◆ TASK ITEM
Of the material below, the lines to be retyped are those from the line containing "Nekromant Elite-Nekrotik-Rüstung Weiblich" through the line containing "TILISMA Bookends for", inclusive; reproduce them exactly.

◆ AVAILABLE DATA
######
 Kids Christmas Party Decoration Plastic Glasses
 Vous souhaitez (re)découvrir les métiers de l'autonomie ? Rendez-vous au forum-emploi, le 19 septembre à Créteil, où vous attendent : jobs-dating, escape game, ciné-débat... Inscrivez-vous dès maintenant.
######
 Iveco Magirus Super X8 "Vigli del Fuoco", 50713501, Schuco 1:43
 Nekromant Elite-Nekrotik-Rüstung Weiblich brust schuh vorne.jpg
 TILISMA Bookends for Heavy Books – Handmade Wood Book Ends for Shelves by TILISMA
######
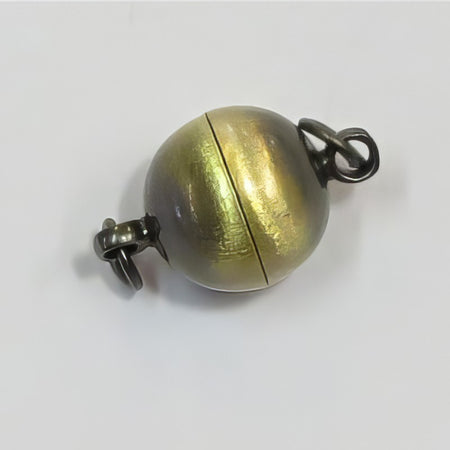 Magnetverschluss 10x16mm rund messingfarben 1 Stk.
######
◆ OUTPUT OF THE TASK
 Nekromant Elite-Nekrotik-Rüstung Weiblich brust schuh vorne.jpg
 TILISMA Bookends for Heavy Books – Handmade Wood Book Ends for Shelves by TILISMA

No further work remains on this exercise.